A similar case was 2016’s Evenwel v Abbott, in which the Supreme Court unanimously said that states are allowed to use total population — the metric almost universally used now — to draw state legislative districts. It didn’t answer the question of whether states are required to use total population. In concurrences, Justice Clarence Thomas said that states should be able to use which metric they use and Justice Samuel Alito said that it was an important question that another court case will need to decide.

Justin Levitt, who served in the Obama DOJ’s civil rights division and is now a Loyola Law School professor, told me that he thinks that there “are several votes” on the Supreme Court to let states exclude non-citizens from redistricting.

But I don’t know if there are five,” he said.

An argument he and others will push, if there is a legal fight over excluding non-citizens from redistricting, is the coherent system it will create. The Constitution mandates that that congressional apportionment — i.e. the number of U.S. House seats each state gets — be based on the “whole number of persons in each State.”
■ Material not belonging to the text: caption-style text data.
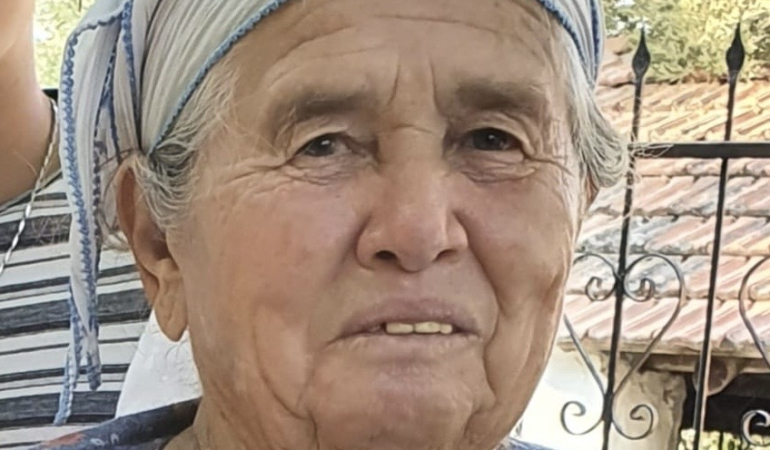 Naciye Çoban vefat etti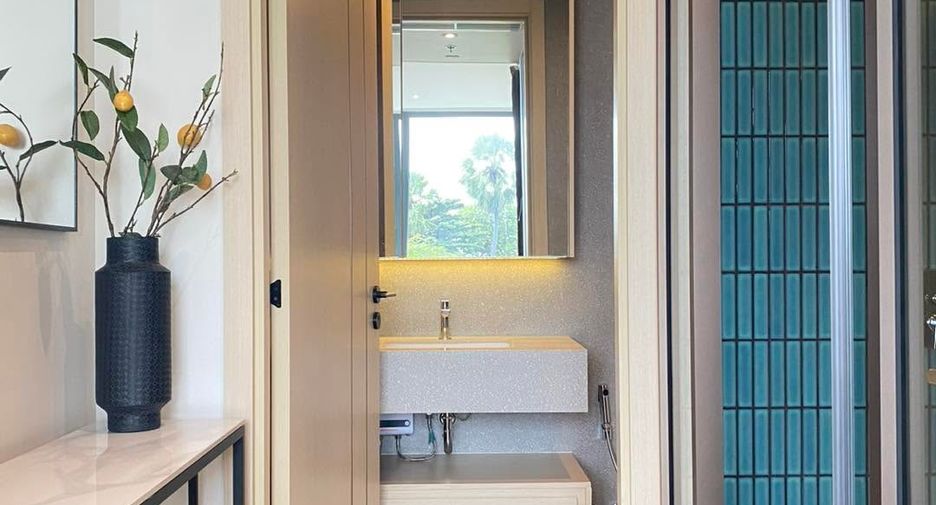 Condo en alquiler de 1 habitaciones en Bang Lamung, Chonburi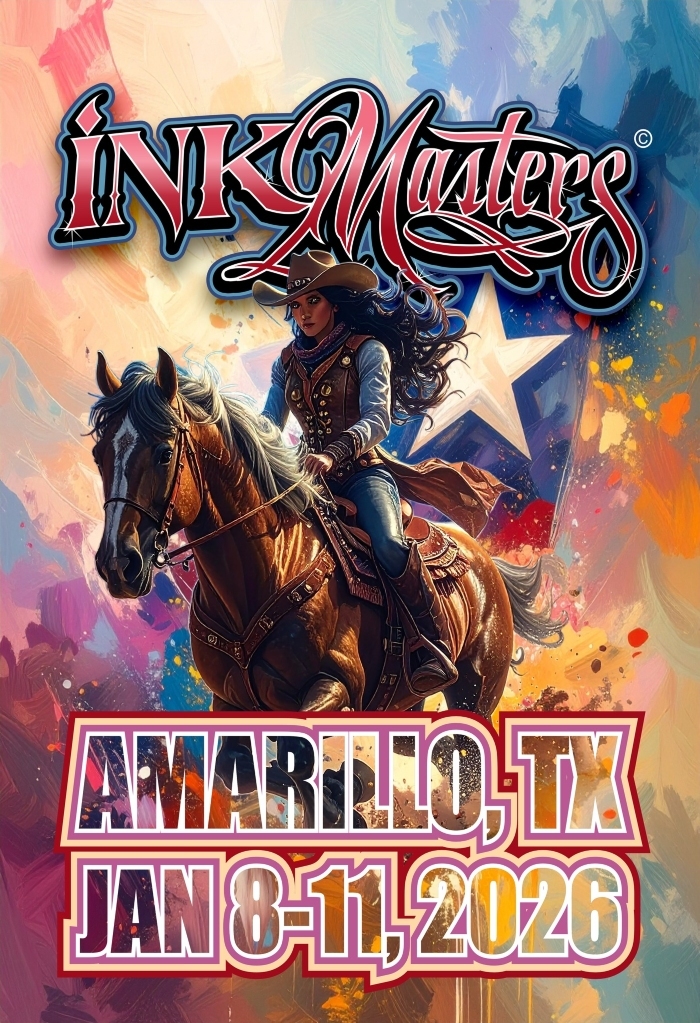 Amarillo Tattoo Expo #7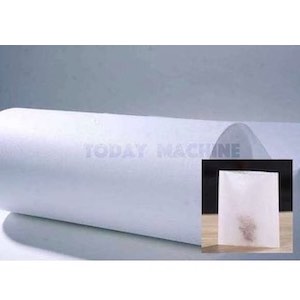 filter paper packaging TODAY MACHINE Material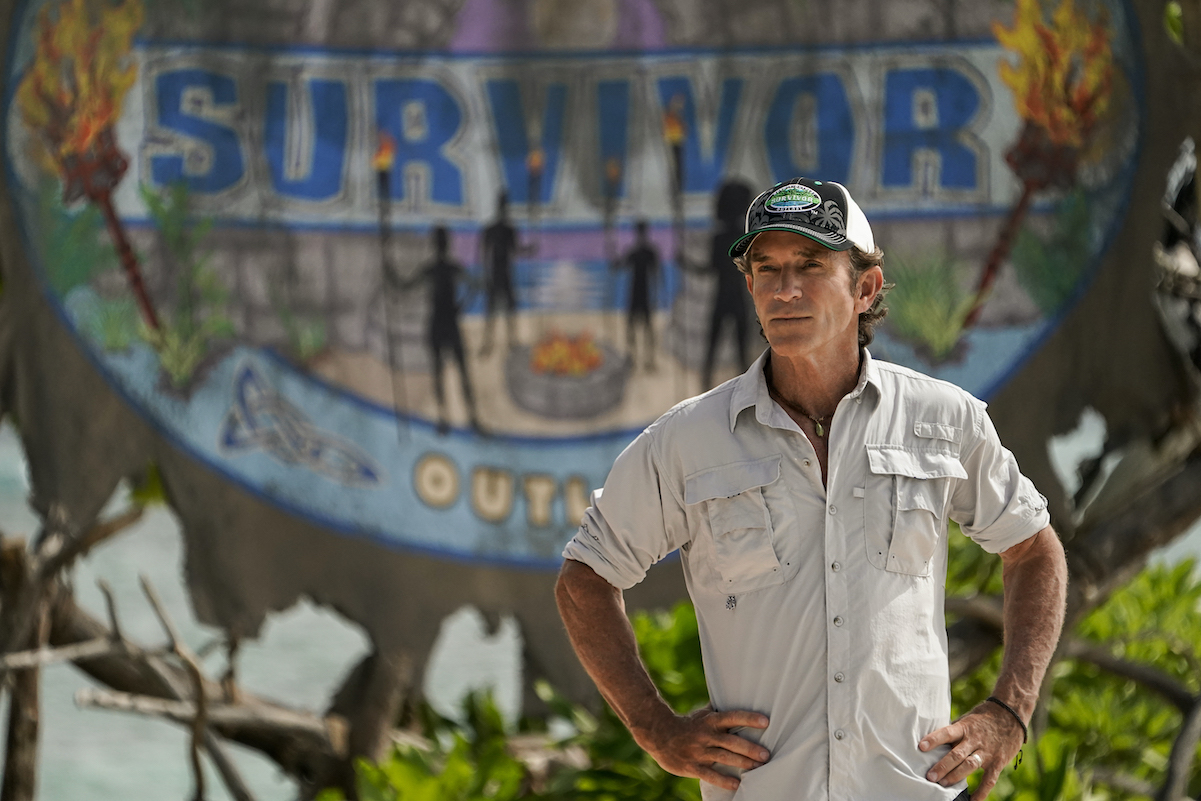 Jeff Probst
“When we are allocating those, the Constitution makes it 100 percent clear that we go by total population, not by citizens or eligible voters or citizen vote-age population, but all persons,” Joseph Fishkin, a Texas Law professor, told me. “It creates some very strange effects if you start to say jurisdictions use that rule because that’s in the Constitution for allocating House seats to states, but inside states, now all of the sudden, we are going to start allocating those same house states or maybe political power through the statehouses through some completely different method.”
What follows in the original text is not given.